If any picture was the movie to usher in the new millennium, it was David Fincher's Fight Club. To me, it was the movie of the 1990s -- as prescient as Network was in the 1970s towards the future of "news," and as equally misunderstood. As Fight Club revealed and essentially, proselytized, we live in a world where we seek to express ourselves, either through conspicuous consumption, or following philosophies for supposed betterment, or to simply remember what it was like to actually feel like a man after the world has feminized us so (something as a woman I find frustrating and heartbreaking -- let men be men again).
I loved (and love) this movie. My wife hates it. Somehow, however, I think that's sort of the point.
I've read the book several times.
To get a woman to understand it, explain it to her like this:
The point of fight club is exactly the same as that quote from Akeelah and the Bee.
The essence of "male-ness" is found in the abandoning of fear to love.
for me, the whole thing is encapsulated in the "Raymond K Hessel" scene. Tyler puts a gun in a 7-11 clerk's face, tells him he's going to kill him, looking through the wallet, finds an expired college ID, asks the guy what he wanted to be before, the guy says a vet (IIRC), Tyler tells Raymond that he knows where he lives, that he's going to check up on him in six months, if he's not back in school on his way to being a vet, he'll kill him, because he might as well be dead anyway.
The book doesn't end with the apocalyptic explosion. It ends with everybody from the support groups coming to help the main character (nitpick: the "Jack" thing came from the guy reading Reader's Digest, I don't think it's his name).
the fighting, the mayhem, the distruction of the sacred, all of that was just a conduit to self-actualization, and to love.
I saw Fight Club around 2000, fell in love, bought the 2 disc collector's edition, forced all my friends or anyone who dared venture in my apt to watch it, dled and practically memorized the script, and have a BnW poster of Tyler Durden holding the soap in my bathroom.
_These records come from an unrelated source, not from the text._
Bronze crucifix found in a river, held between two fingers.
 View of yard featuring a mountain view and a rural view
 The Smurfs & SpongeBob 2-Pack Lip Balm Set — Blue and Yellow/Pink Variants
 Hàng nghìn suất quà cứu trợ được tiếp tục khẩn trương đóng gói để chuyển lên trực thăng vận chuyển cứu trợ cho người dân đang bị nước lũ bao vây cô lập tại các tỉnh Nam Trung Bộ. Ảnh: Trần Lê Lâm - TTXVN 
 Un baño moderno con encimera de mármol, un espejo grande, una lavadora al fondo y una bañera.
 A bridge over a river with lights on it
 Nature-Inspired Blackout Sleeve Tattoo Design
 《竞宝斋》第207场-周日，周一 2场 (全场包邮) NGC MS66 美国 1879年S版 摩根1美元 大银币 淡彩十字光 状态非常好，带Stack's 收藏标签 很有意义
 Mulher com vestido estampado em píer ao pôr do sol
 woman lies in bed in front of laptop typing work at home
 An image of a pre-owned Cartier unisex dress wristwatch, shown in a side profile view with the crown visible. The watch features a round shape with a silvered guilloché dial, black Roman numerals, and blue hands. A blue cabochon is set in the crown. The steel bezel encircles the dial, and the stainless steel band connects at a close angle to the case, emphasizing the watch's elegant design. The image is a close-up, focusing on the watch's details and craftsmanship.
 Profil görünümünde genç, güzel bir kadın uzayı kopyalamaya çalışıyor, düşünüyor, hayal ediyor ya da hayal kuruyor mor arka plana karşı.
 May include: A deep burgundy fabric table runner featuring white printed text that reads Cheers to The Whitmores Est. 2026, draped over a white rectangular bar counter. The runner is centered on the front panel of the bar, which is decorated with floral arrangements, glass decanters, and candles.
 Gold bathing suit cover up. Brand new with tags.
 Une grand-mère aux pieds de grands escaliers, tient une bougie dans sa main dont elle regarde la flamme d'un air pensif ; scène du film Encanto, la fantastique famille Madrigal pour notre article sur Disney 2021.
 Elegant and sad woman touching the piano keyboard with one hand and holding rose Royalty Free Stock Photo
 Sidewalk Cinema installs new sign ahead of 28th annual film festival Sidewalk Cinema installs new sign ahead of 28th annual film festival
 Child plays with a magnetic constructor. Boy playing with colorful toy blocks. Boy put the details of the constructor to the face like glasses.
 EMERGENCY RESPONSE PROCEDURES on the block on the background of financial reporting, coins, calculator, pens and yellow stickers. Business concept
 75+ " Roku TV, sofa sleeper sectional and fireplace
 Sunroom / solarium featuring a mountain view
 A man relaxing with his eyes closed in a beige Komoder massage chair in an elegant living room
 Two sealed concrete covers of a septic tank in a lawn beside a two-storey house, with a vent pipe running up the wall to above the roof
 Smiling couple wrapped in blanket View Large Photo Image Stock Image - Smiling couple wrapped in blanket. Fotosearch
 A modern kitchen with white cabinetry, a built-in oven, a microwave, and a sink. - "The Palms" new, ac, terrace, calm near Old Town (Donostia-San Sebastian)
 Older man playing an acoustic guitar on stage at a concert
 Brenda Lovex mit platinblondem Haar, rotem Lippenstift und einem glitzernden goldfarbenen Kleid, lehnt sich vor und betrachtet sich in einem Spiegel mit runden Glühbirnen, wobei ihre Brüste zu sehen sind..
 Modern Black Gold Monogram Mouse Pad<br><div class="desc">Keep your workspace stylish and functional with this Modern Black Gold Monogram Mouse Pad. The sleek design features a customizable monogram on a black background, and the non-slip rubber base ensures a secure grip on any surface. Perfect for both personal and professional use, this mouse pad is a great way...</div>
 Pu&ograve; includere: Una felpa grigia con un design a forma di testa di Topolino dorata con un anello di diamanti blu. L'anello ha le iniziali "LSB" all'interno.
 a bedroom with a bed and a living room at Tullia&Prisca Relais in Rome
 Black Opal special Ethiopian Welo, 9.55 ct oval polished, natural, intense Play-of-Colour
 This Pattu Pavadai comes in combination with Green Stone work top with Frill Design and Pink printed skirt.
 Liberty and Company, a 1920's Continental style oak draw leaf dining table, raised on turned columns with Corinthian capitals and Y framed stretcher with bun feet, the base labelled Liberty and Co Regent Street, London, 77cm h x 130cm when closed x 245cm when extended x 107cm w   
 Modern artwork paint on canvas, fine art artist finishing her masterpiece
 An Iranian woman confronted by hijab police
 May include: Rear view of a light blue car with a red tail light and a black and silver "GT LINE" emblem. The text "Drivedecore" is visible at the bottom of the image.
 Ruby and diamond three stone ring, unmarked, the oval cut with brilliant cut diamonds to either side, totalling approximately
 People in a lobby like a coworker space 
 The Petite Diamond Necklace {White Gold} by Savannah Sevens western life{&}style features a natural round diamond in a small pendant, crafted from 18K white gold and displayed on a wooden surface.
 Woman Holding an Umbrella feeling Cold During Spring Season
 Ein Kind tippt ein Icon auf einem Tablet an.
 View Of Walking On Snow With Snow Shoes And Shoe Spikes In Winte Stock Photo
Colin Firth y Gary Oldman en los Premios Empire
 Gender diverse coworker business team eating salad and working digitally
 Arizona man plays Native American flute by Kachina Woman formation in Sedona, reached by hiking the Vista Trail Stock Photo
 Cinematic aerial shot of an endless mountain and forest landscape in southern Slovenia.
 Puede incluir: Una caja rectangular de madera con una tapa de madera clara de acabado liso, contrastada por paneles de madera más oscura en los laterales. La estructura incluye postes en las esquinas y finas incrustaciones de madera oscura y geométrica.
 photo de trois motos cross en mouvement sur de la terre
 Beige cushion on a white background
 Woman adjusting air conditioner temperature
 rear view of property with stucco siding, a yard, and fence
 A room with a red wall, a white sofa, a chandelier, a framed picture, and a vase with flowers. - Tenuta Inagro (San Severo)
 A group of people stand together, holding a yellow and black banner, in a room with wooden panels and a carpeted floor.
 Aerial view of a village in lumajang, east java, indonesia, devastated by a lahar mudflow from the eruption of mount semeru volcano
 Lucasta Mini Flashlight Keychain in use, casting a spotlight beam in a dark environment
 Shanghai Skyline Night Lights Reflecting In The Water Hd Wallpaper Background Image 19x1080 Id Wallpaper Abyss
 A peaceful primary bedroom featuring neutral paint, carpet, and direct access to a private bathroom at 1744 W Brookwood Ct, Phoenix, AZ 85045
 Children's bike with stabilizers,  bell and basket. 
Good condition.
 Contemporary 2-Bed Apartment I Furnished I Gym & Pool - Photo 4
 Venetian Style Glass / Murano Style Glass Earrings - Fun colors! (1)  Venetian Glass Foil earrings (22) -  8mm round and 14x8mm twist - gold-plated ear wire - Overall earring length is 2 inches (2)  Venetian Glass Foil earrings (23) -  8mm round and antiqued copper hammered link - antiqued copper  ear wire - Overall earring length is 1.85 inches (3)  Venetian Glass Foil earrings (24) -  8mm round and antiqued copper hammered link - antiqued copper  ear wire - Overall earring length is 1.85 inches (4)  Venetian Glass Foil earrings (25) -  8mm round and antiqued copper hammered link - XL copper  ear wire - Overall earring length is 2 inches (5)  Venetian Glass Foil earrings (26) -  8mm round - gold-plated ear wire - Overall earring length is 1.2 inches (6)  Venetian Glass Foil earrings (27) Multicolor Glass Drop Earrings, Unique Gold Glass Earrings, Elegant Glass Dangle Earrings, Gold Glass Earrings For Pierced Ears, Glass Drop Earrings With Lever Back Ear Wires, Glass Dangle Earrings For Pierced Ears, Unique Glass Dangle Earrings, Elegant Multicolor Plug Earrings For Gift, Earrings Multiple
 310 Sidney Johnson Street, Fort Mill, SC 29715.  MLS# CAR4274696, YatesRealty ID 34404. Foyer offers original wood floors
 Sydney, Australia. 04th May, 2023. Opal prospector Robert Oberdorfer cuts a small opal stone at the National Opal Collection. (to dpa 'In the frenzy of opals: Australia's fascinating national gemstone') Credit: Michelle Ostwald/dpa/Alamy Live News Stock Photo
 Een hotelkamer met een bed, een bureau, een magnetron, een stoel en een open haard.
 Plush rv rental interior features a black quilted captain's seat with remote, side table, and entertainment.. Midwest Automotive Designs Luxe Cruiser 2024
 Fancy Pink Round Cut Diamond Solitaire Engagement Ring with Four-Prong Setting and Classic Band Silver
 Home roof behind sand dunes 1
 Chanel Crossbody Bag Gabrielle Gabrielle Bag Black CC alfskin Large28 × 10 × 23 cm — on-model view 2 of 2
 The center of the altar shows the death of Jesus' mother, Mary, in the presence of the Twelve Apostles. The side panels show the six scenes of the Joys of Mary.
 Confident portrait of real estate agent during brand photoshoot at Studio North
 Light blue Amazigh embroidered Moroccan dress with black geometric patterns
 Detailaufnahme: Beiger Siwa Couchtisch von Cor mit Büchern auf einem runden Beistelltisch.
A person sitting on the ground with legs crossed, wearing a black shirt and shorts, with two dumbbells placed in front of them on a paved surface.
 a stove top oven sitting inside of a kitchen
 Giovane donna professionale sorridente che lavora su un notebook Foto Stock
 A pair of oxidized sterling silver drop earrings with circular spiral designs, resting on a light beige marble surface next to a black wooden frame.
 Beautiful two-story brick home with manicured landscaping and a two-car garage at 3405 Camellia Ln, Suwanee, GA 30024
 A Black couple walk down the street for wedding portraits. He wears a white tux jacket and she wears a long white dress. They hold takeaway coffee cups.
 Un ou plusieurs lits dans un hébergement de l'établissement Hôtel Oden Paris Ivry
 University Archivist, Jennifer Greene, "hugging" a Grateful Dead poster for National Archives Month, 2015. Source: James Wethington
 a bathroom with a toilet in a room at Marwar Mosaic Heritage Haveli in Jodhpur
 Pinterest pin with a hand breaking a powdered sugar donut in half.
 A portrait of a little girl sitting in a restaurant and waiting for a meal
I've since grown out of the obsession, but remains one of my absolute favourites.
P.S. did I mention I'm a chick :)
"To get a woman to understand it, explain it to her like this:
The point of fight club is exactly the same as that quote from Akeelah and the Bee."
hey now!
hey now!
present company excepted, of course.
This film came out the year I became a father. If I weren't a parent...
I love it. It's a great movie. Good seed. I can think of only a few women I know who love it like most men do. Did you hear about the prank the director pulled with the new release?
The prank is described here and I seeded it here
I used to watch fight club and falling down back to back a lot. They always felt like they were pointing at the same thing.
I am a woman and I LOVE this movie. I think that too many women see the violence in it and shy away. But the movie isn't really about violence or being a man, it's about identifying with our primal nature, about breaking down a self-created material world and really living for once in our lives. It is essentially one man's search for enlightenment. It is a powerful story beneath some blood.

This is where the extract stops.